INPUT:

◆ ◆ ◆ ◆ ◆

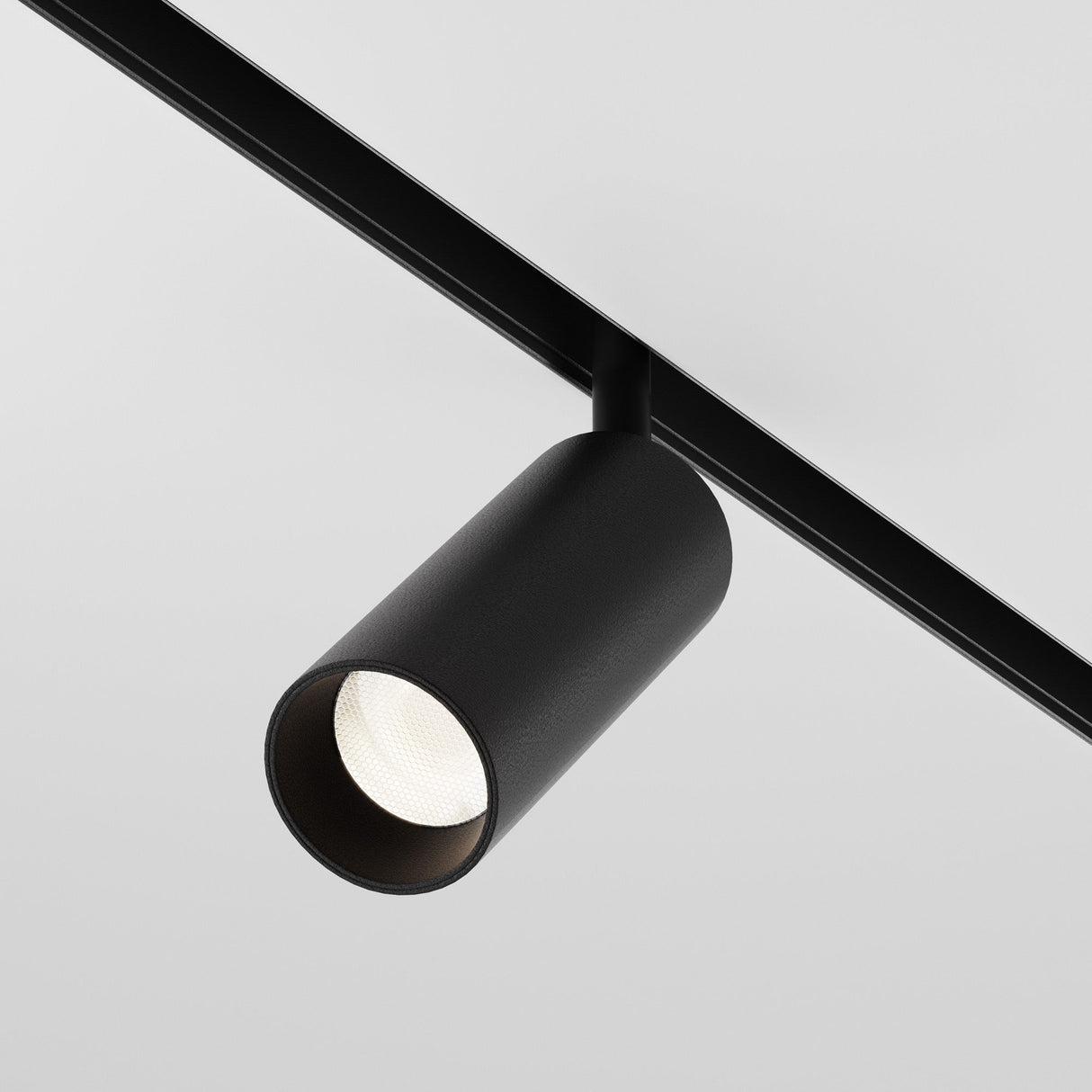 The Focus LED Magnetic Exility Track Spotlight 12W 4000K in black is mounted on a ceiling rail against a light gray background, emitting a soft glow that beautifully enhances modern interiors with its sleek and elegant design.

◆ ◆ ◆ ◆ ◆

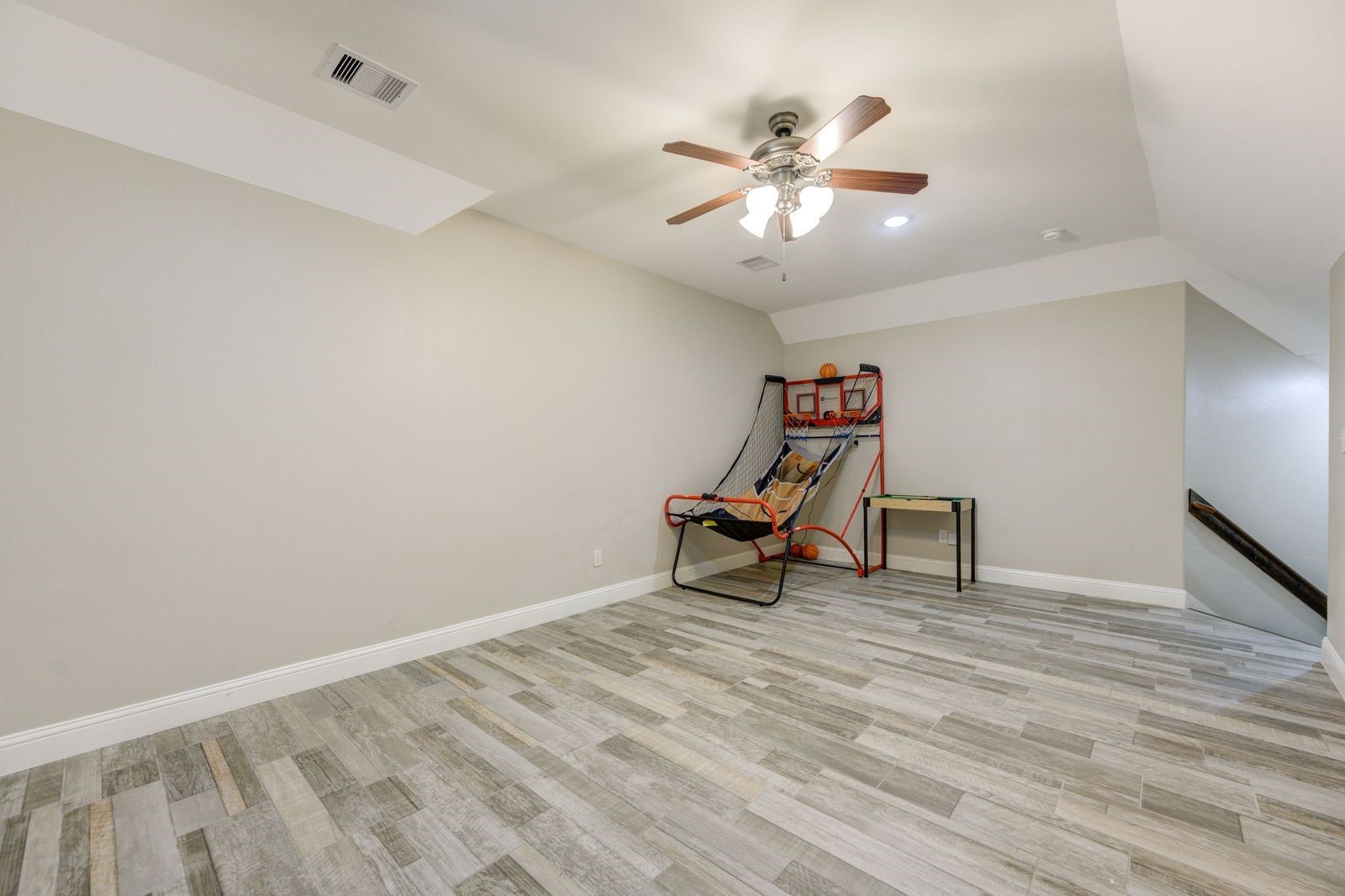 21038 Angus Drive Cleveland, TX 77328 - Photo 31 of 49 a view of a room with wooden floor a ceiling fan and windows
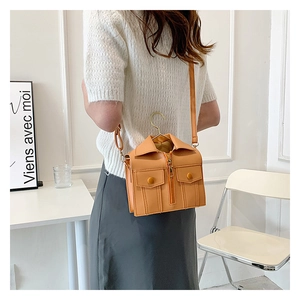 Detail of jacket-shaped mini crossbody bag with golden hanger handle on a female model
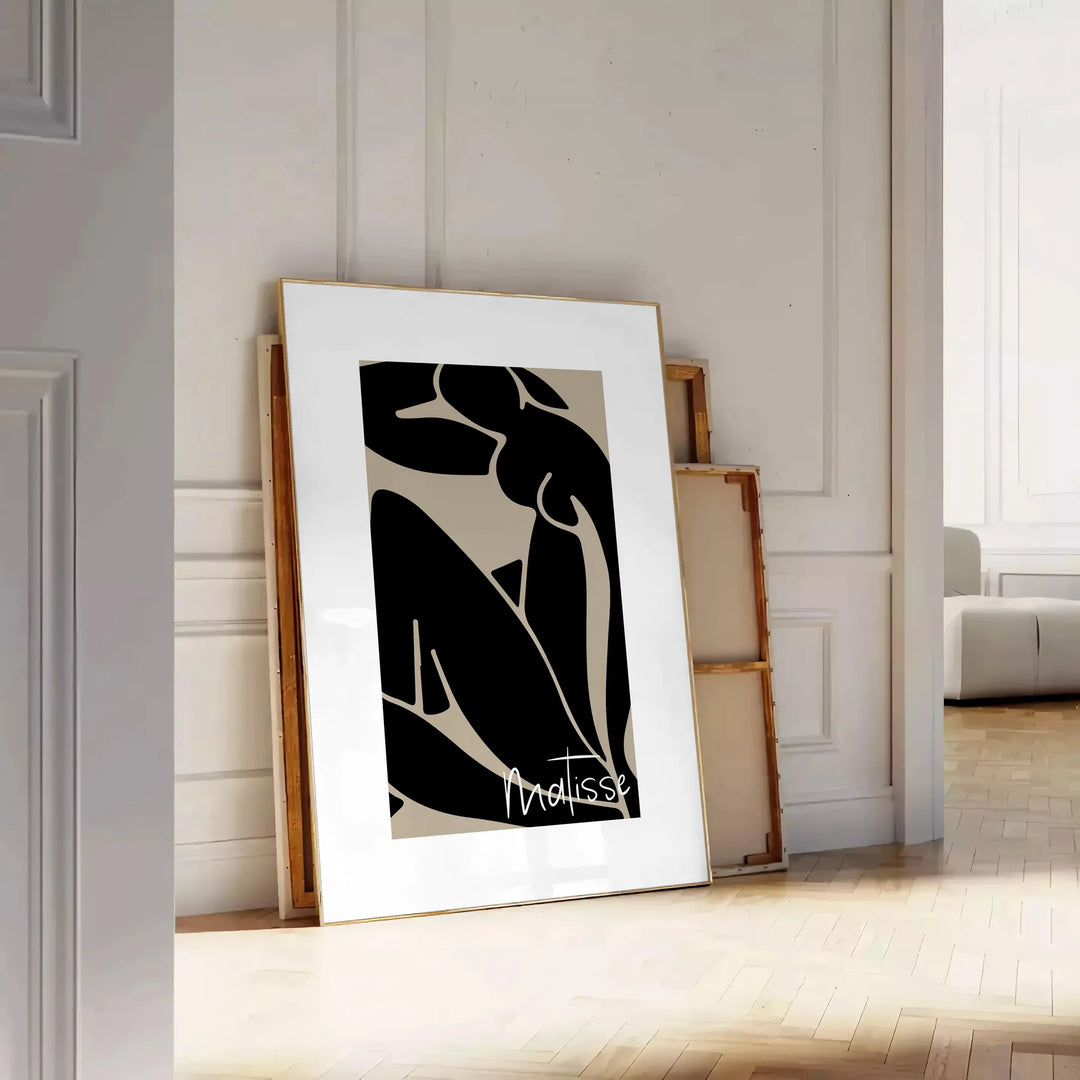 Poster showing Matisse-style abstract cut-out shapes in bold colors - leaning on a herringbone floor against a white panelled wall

◆ ◆ ◆ ◆ ◆

WHAT TO PRODUCE:
Pictures excluded, transcribe the listing above exactly from the line with "Detail of jacket-shaped" through the line with "Poster showing Matisse-style", and no further.

EXERCISE RESPONSE:
 Detail of jacket-shaped mini crossbody bag with golden hanger handle on a female model
 Poster showing Matisse-style abstract cut-out shapes in bold colors - leaning on a herringbone floor against a white panelled wall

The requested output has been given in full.